▶ WORK TO BE COMPLETED
Print every record below exactly, minus the pictures.

┌──

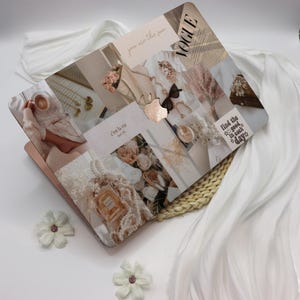 May include: A laptop with a collage of images on the cover. The images include flowers, a cup of coffee, a book, a magazine, and a quote that says "c'est la vie".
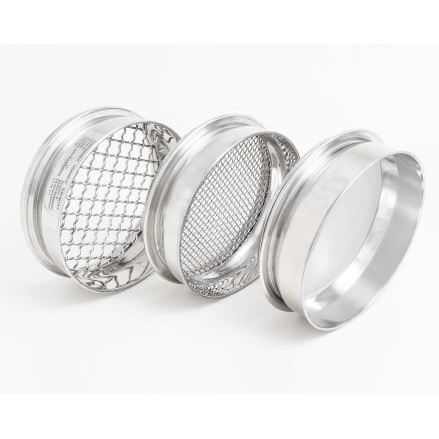 Geological sieves, showing three of the numerous woven wire mesh apertures available.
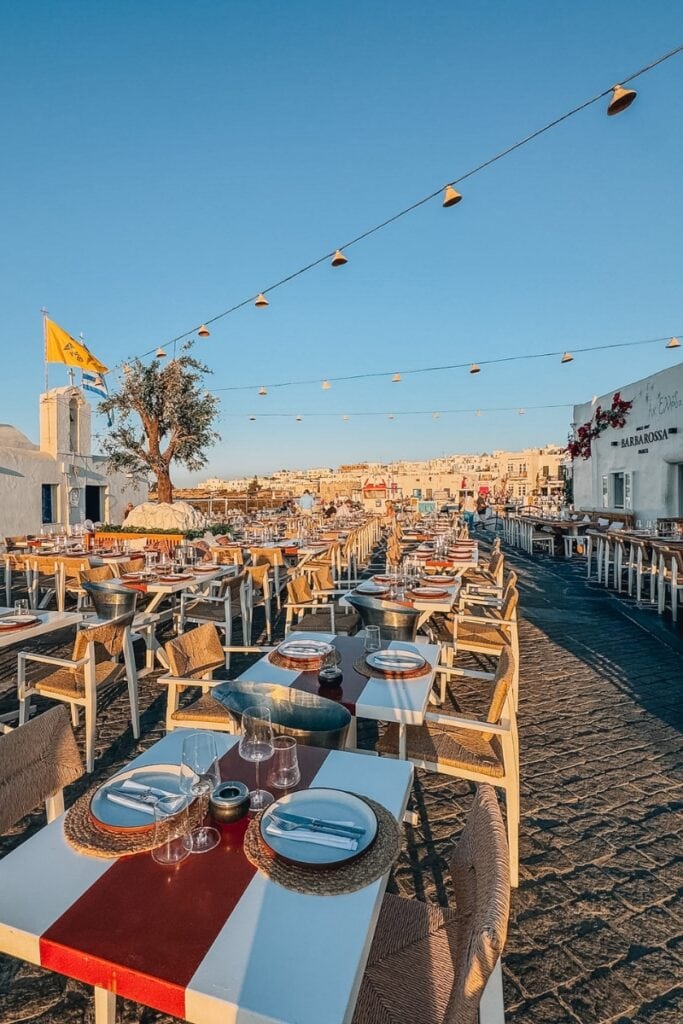 Outdoor Greek restaurant with beach view, wooden tables, and string lights.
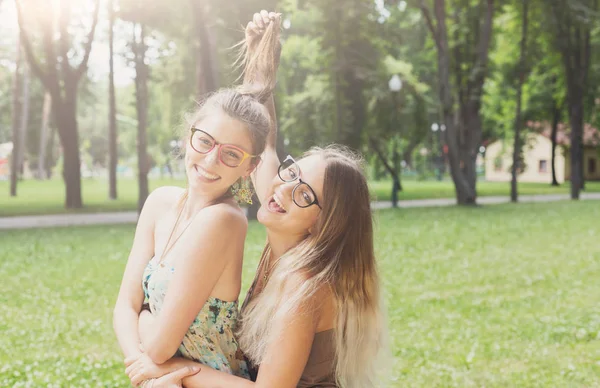 Twee gelukkige jonge meisjes omhelzen elkaar in zomer park — Stockfoto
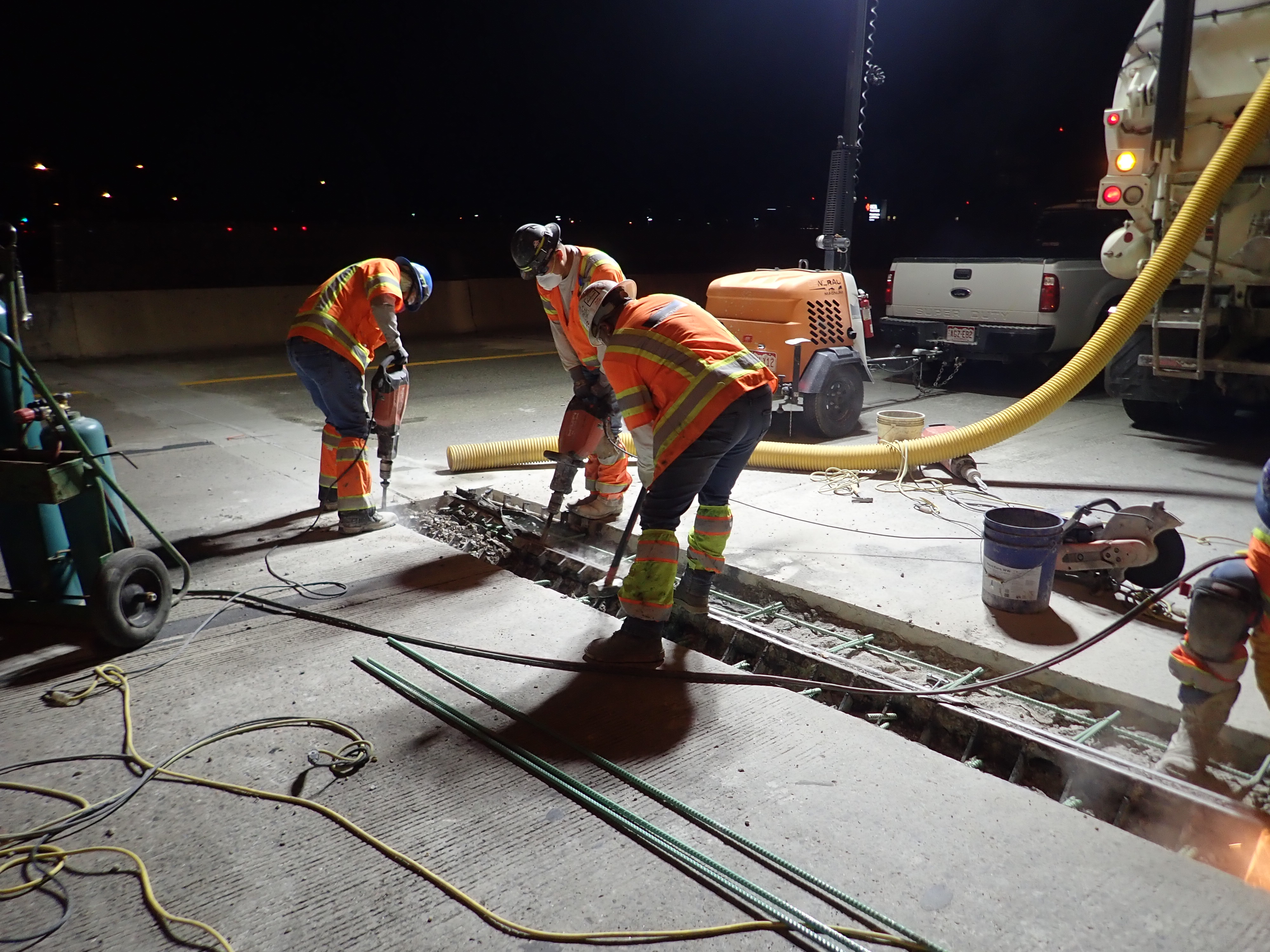 I-225 Bridge Rehabilitation Removal of 6th Ave. bridge northbound middle lane joint header armor September 2025.jpg detail image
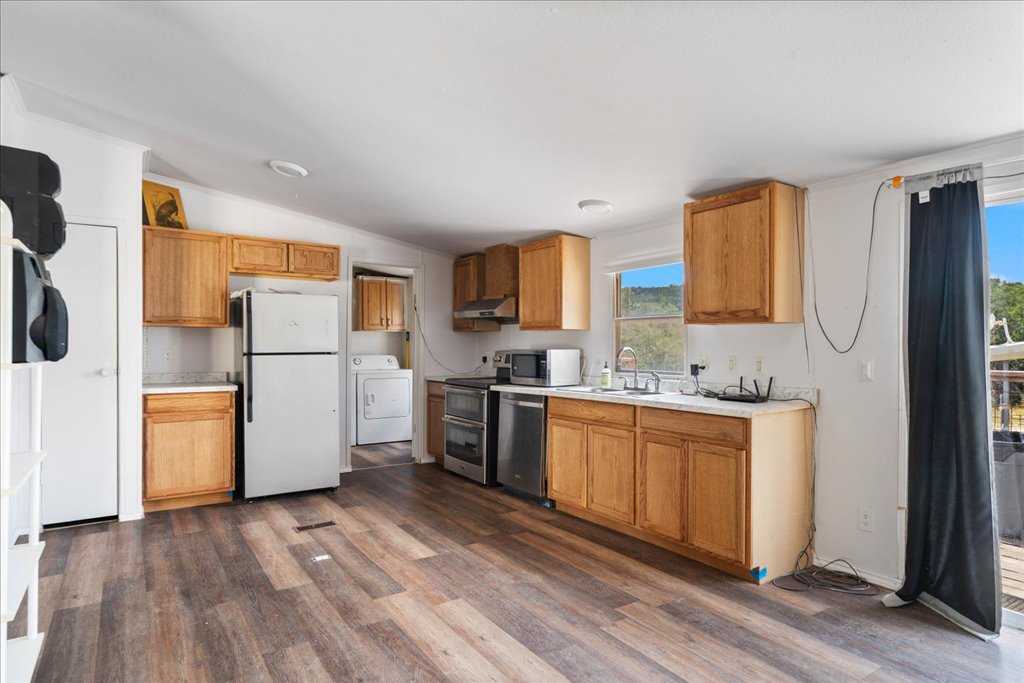 10500 Tarantula Court Leander, TX 78641 - Photo 6 of 34 a kitchen with a refrigerator a stove top oven a sink and dishwasher with wooden floor
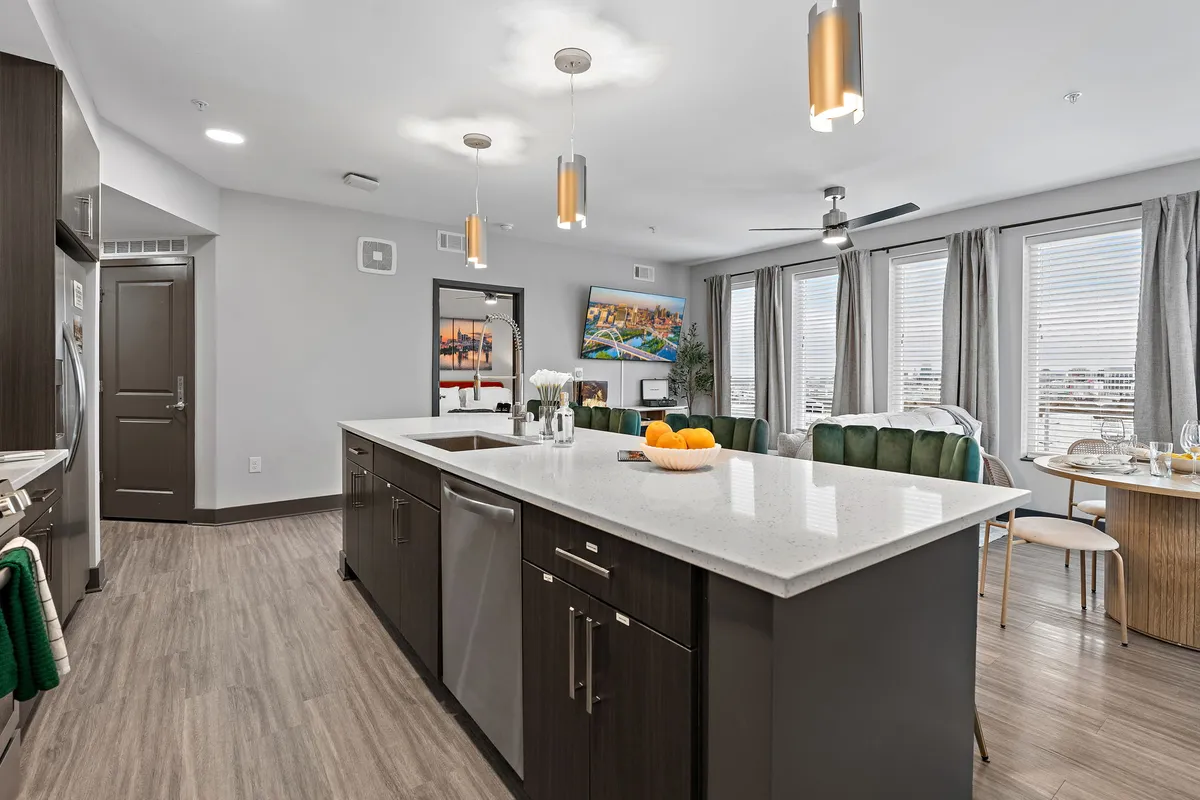 This image features a stylish kitchen island, modern appliances, large windows that allow plenty of natural light, and a dining table nearby. The space looks sleek and contemporary, with a functional layout perfect for both casual cooking and entertaining guests.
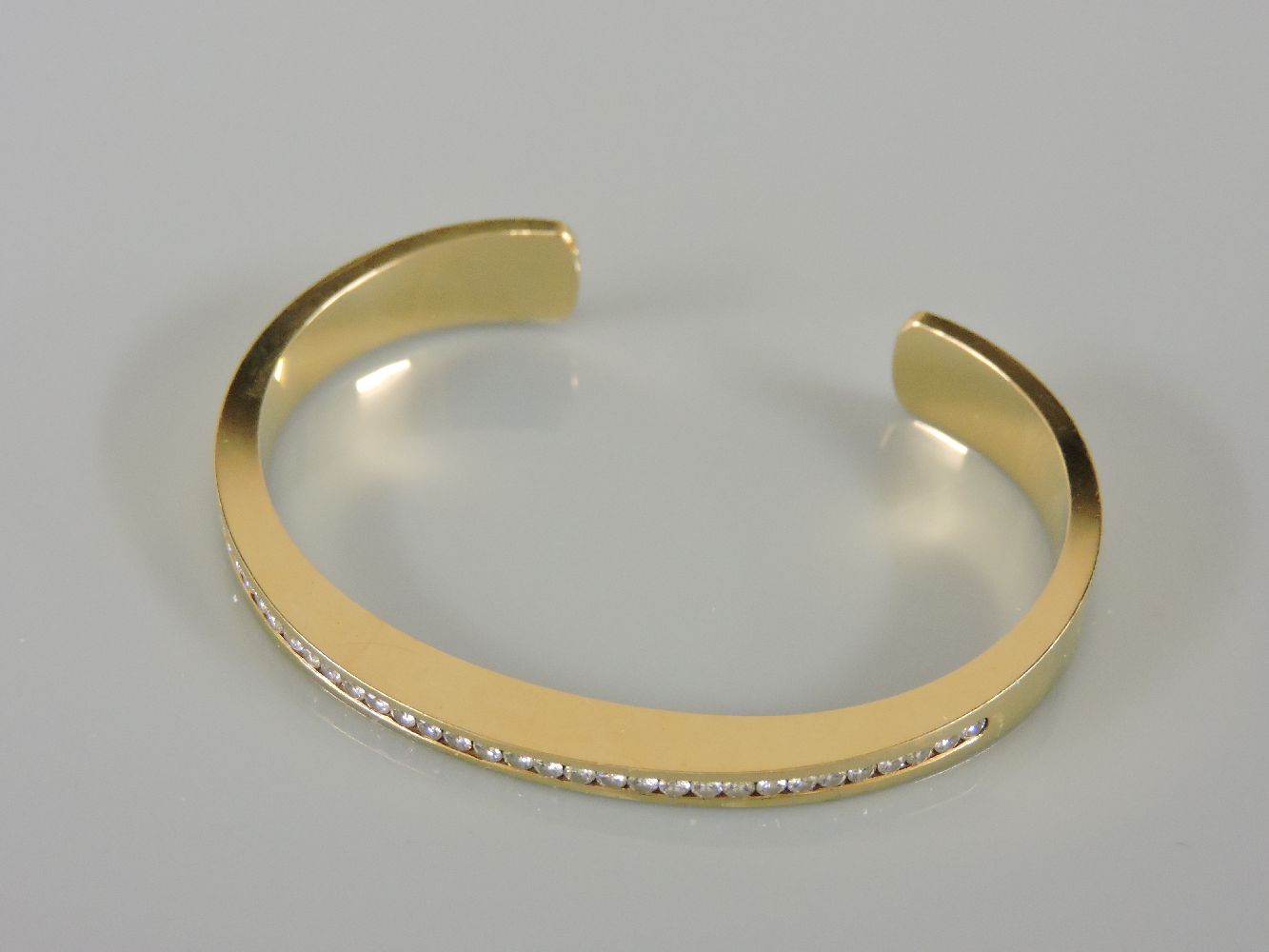An 18ct gold diamond set torque bangle, with a row of channel set brilliant cut diamonds, believed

└──

▶ RESULT
 May include: A laptop with a collage of images on the cover. The images include flowers, a cup of coffee, a book, a magazine, and a quote that says "c'est la vie".
 Geological sieves, showing three of the numerous woven wire mesh apertures available.
 Outdoor Greek restaurant with beach view, wooden tables, and string lights.
 Twee gelukkige jonge meisjes omhelzen elkaar in zomer park — Stockfoto
 I-225 Bridge Rehabilitation Removal of 6th Ave. bridge northbound middle lane joint header armor September 2025.jpg detail image
 10500 Tarantula Court Leander, TX 78641 - Photo 6 of 34 a kitchen with a refrigerator a stove top oven a sink and dishwasher with wooden floor
 This image features a stylish kitchen island, modern appliances, large windows that allow plenty of natural light, and a dining table nearby. The space looks sleek and contemporary, with a functional layout perfect for both casual cooking and entertaining guests.
An 18ct gold diamond set torque bangle, with a row of channel set brilliant cut diamonds, believed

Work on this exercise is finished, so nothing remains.